Pereira explica também o conceito de roda hedônica, a capacidade do ser humano de se adaptar ao prazer pelo prazer:

– Como se fosse uma droga, cada vez mais precisamos de mais para experimentar o mesmo nível de bem estar – afirma, e exemplifica com as primeiras saídas com os amigos na adolescência.

Naquele momento, qualquer plano era uma caravana de novas sensações agradáveis; ir ao cinema, tomar um refrigerante… tudo valia. Prazer em estado puro. Mas, conforme o tempo passa, os planos precisam ser mais elaborados para conseguirmos desfrutar.

 

Frente ao hedonismo vazio, os quatro C's

 

O americano especialista em saúde e bem estar Robert Lustig tem uma proposta para redirecionar e ordenar a dicotomia prazer-felicidade. Em seu livro, The Hacking Of The American Mind — algo como O saque da mentalidade americana ­, o cientista investigou a dependência da dopamina e o hedonismo e propõe um caminho alternativo para abandonar a busca pela felicidade por meio de ações que, na verdade, sabotam as possibilidades de alcançá-la. E estabelece um plano em torno de quatro C's: conectar, contribuir, cuidar-se e cozinhar.

Em primeiro lugar, encoraja a conexão com o mundo, mas de verdade. Nada de consultar o Facebook compulsivamente para estar em dia com as vidas das pessoas que não nos importam, nem de inundar o Whatsapp com simpáticas bolinhas amarelas de aspecto exultante. Para nos conectarmos de verdade, Lustig advoga relações pessoais, cara a cara, e, como reforça Rosana Pereira, do Haztúa, "a encontrar momentos de qualidade com os outros que nos levem a gerar empatia, um motor básico para a produção de serotonina e, portanto, de felicidade duradoura".

Lustig também aconselha a contribuir, colaborar, dar algo aos demais sem pedir nada em troca.

– Dar ao outro e comprovar como sua contribuição faz as outras pessoas felizes permitem se concentrar internamente, pensar no que se tem e não no que falta – afirma Pereira.

Porque a felicidade, afirma, é dar, enquanto que o prazer é baseado unicamente em receber.

O próximo C: cuidar-se.

– É o básico.
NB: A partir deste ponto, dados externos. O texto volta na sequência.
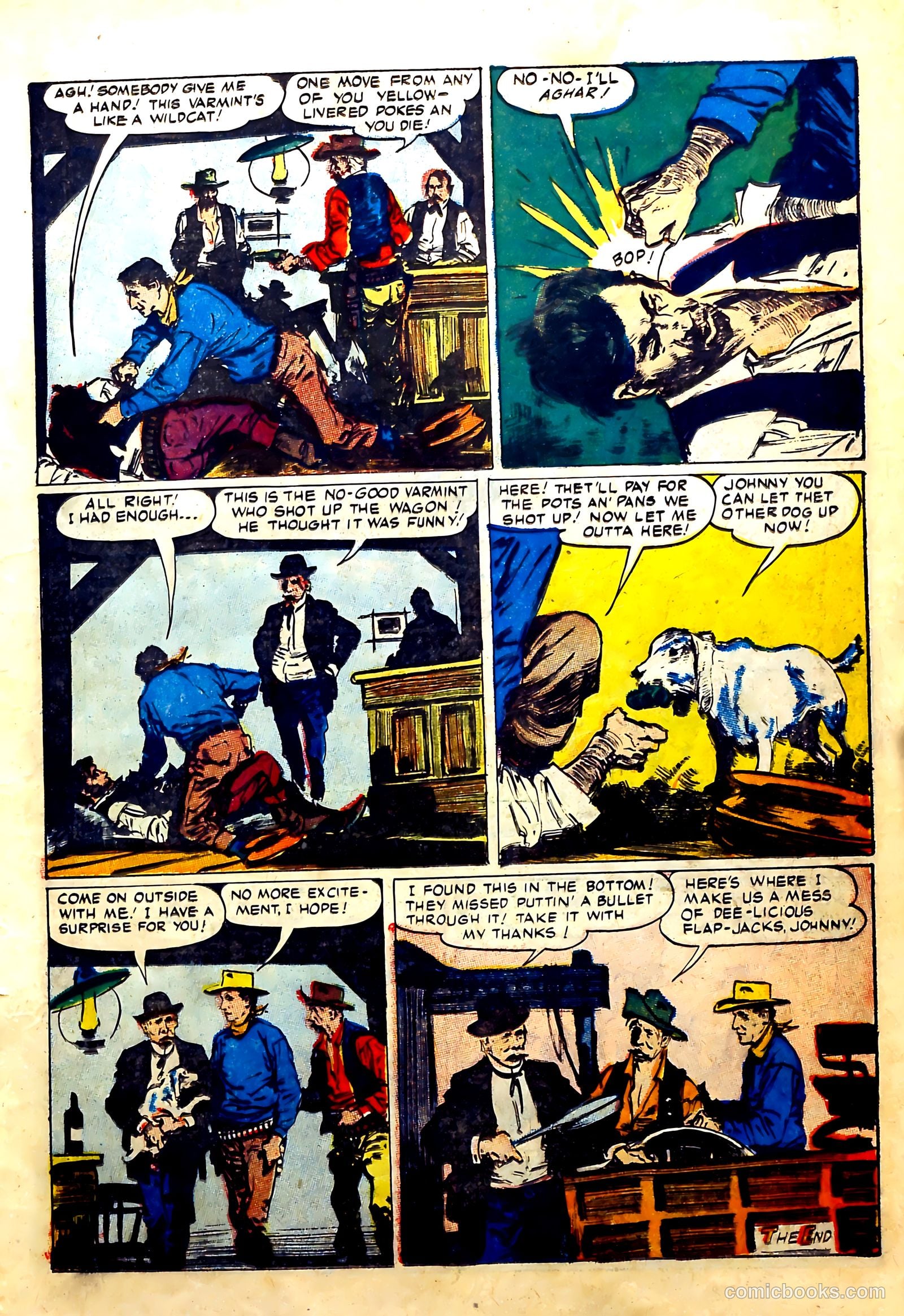 John Wayne Adventure Comics #19 — page 11 of 37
Se a máquina que o move não tem uma boa manutenção, é difícil que o resto funcione bem – confirma Pereira, que também encoraja, agora sim, a não demonizar completamente o hedonismo:

– A vida não tem que ser sempre sacrifício; por isso, a combinação da felicidade com o prazer encontra aqui o seu melhor ponto.

Por sua vez, Lustig sublinha como a falta de sono e descanso, o estresse ou a sobrecarga de tarefas aumentam o cortisol, motor da depressão. Por isso, convida ao cuidado e a não negligenciar a única pessoa que nos acompanhará, incondicionalmente, a vida inteira: nós mesmos.
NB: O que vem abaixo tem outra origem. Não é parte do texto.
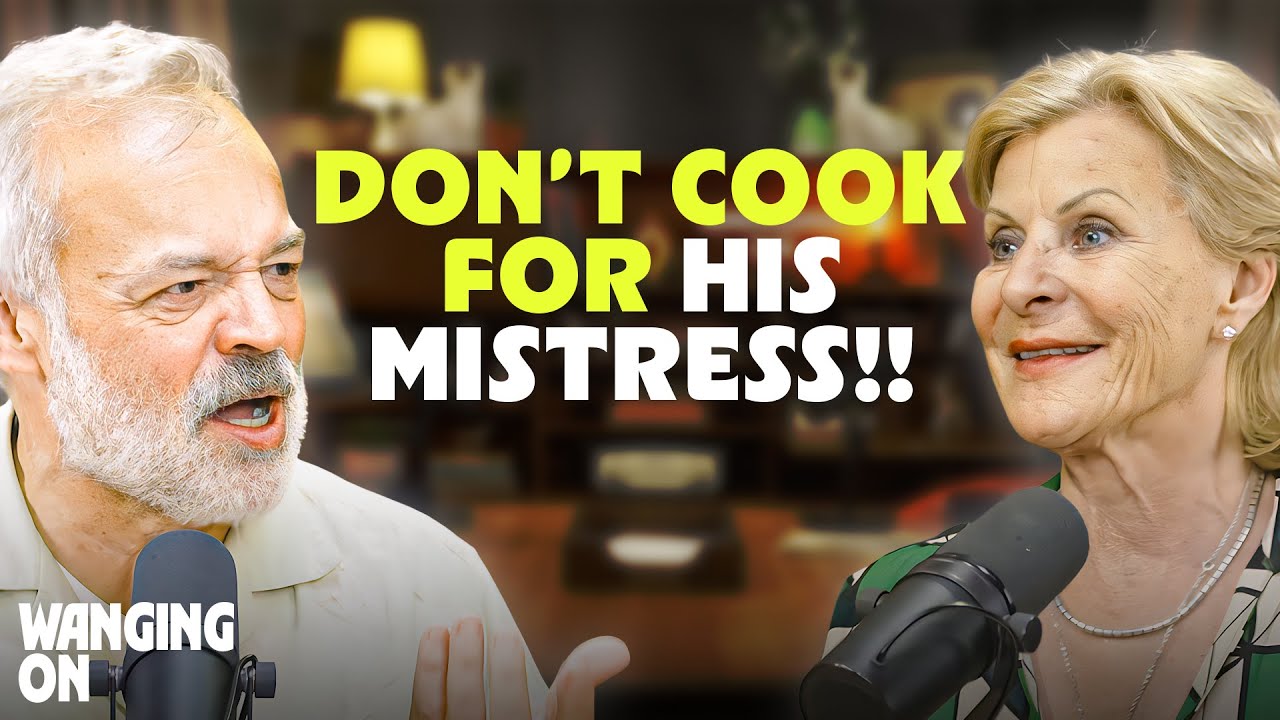 Is He Having an Affair? Plus Noisy Budgies and Solo Holidays: Graham and Maria discuss...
Por último, talvez o C mais surpreendente: cozinhar. Novamente, para trabalhar na geração de serotonina. Afirma o especialista que o triptofano presente nos ovos ou nos peixes, os ácidos de gordura omega 3 e a frutose são geradores deste hormônio e, por isso, a cozinha — saudável, equilibrada — é uma prática precursora da felicidade. Ao contrário, a má alimentação é o motor do prazer.

– Um hambúrguer industrial, com seus aditivos e potencializadores de sabor, nos dará um forte bem-estar pontual, mas, em longo prazo, levantará uma barreira entre nós e a felicidade – afirma a psicóloga Pereira.

 

Mas também não nos tornemos cartuxos

 

O prazer é visceral; a felicidade, etérea. O prazer é receber; a felicidade, dar. O prazer é individual; a felicidade se compartilha. E o ânimo por se dar prazer é insaciável porque o corpo e a mente sempre querem mais. Um celular melhor, um carro com mais extras, um casaco mais caro. Embora tudo cumpra sua função, novamente, o equilíbrio é a chave:

– O prazer não é ruim. Como seria? Fazer um capricho a si mesmo, comer, praticar sexo…o ruim é quando a vida se concentra unicamente neste sentido – conclui Rosana Pereira.

Por isso, os quatro C's e alguma permissividade não são um problema. Mas tem que ser pontual, se não quisermos terminar profundamente miseráveis. Como provavelmente terminou morrendo Arístipo de Cirene, discípulo de Sócrates e fundador da corrente filosófica do hedonismo. Sim, certamente desfrutou de maravilhosos banquetes, incríveis orgias e consagrou sua vida com os mais altos [ou baixos] prazeres terrenos. Mas talvez tenha morrido, na opinião dos especialistas, sentindo-se um autêntico miserável.